Pengaduan

Tata Cara Pengaduan Dugaan Pelanggaran

Ditulis oleh Mustajab. SH.i on . Posted in Pengaduan

Tempat Pengaduan :
Pengadilan Agama Barru
Jl. Sultan Hasanuddin, No. 111, Barru
Tlp./Fax: 0427-322000 / 0427-21771
Email : Alamat email ini dilindungi dari robot spam. Anda memerlukan Javascript yang aktif untuk melihatnya.
Atau dapat pula mengisi form pengaduan secara Onlilne Klik di sini
 
Waktu:
Hari Senin s.d.
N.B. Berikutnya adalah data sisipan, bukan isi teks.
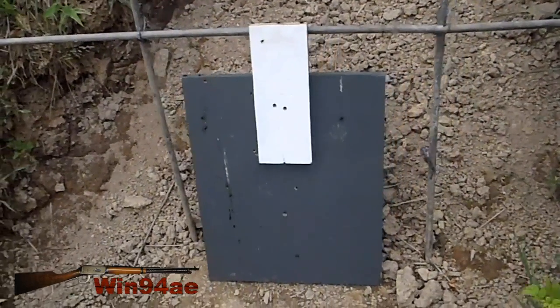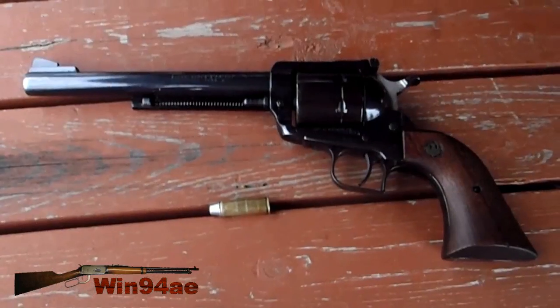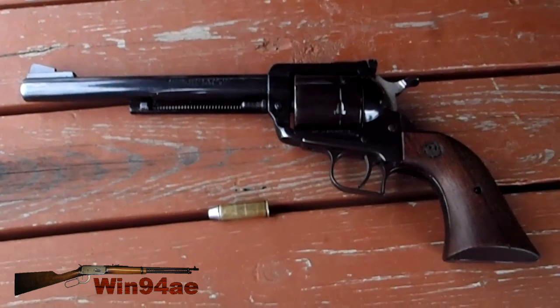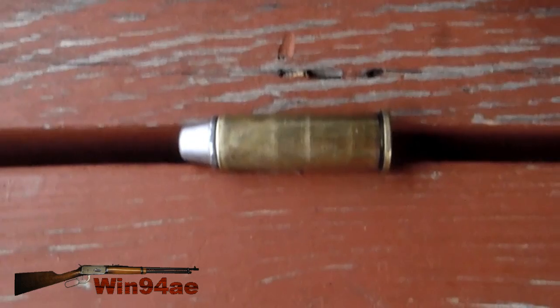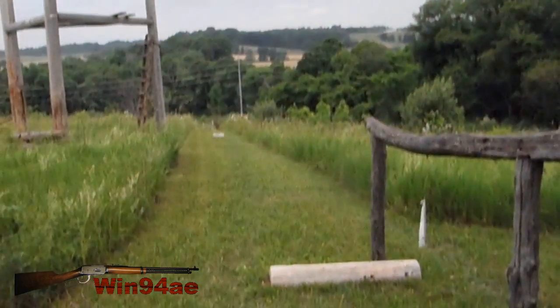Torso target with a white kill zone. Ruger Super Blackhawk 44 mag, Lee 240 grain semi wide cutter cast bullet. 280 yards.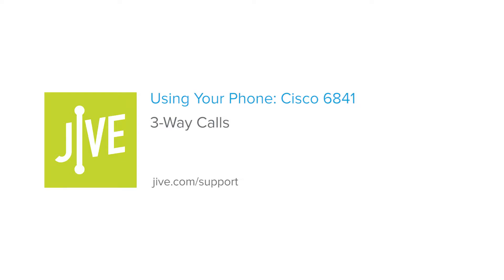I'm going to show you how to initiate a three-way call, or conference call, on a Cisco 6851. A three-way call allows you to speak with two parties at the same time, and essentially creates a mini-conference call on your line.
Jum'at
Jam 08.00 s.d 16.30 wib

 

Pedoman Pengaduan

PENGADUAN DUGAAN PELANGGARAN YANG DILAKUKAN OLEH HAKIM DAN PEGAWAI

  1. Sumber pengaduan :
    1. Dari masyarakat
      - Para pencari keadilan;
      - Pengacara;
      - Lembaga bantuan hukum;
      - Lembaga swadaya masyarakat;
      - Dewan perwakilan rakyat;
      - Sekretariat kepresidenan dan wakil presiden;
      - Kantor menteri pendayagunaan aparatur negara;
      - Komisi pemberantasan korupsi;
      - Komisi hokum nasional;
      - Komisi ombudsman nasional;
      - Komisi yudisial;
    2. Pengaduan dari internal lembaga pengadilan.Pengaduan ini ditujukan terhadap aparat lembaga peradilan, yang diajukan oleh warga lembaga peradilan sendiri (termasuk keluarganya)
    3. Laporan kedinasan.Laporan kedinasan ini merupakan laporan resmi dari pimpinan lembaga peradilan mengenai aparat pengadilan yang dipimpinnya.
    4. Informasi dari :
      - Instansi lain;
      - Media massa;
      - Isu yang berkembang
  2. Pengaduan ditujukan kepada lembaga peradilan;
  3. Proses penanganan pengaduan
    1. Pencatatan
    2. Penelaahan
    3. Penyaluran
    4. Pembentukan Tim Pemeriksa
    5. Survey pendahuluan
    6. Menyusun rencana pemeriksaan
    7. Pelaksanaan pemeriksaan

Prosedur Pengaduan


No.

Uraian Kegiatan

Uraian Pelayanan

Unit/Pejabat Terkait

Waktu
Penyelesian

Ket.

A

Penanganan Laporan Pengaduan Masyarakat

  1. Petugas Pelayanan menerima pengaduan masyarakat melalui lisan, tulisan, e-mail, telepon, faksimili, sms dll.
  2. Petugas pelayanan pengaduan harus segera merespon pengaduan yang berkaitan dengan penanganan perkara yang memerlukan jawaban segera dengan memberikan jawaban langsung atau mengkorfirmasikannya kepada pejabat terkait pengadilan secepatnya.
  3. Petugas Pelayanan melaporkan tentang pengaduan masyarakat / publik tersebut kepada pejabat terkait atau pejabat yang diberi kewenangan untuk menangani pengaduan dimaksud.
  4. Pejabat terkait atau pejabat yang diberi kewenangan untuk menangani pengaduan tersebut mempelajari dan menelaah hal-hal yang dilaporkan masyarakat/publik tersebut untuk selanjutnya dilaporkan kepada pimpinan untuk ditindaklanjuti.
  5. Pimpinan menindaklan-juti bila perlu dengan melakukan koordinasi dengan pihak/pejabat terkait yang berhubung-an dengan pengaduan masyarakat/publik tersebut.
  6. Pimpinan memberikan jawaban terhadap pengaduan masyarakat /publik tersebut baik secara langsung, surat, e-mail, faksimili, telepon, sms dll.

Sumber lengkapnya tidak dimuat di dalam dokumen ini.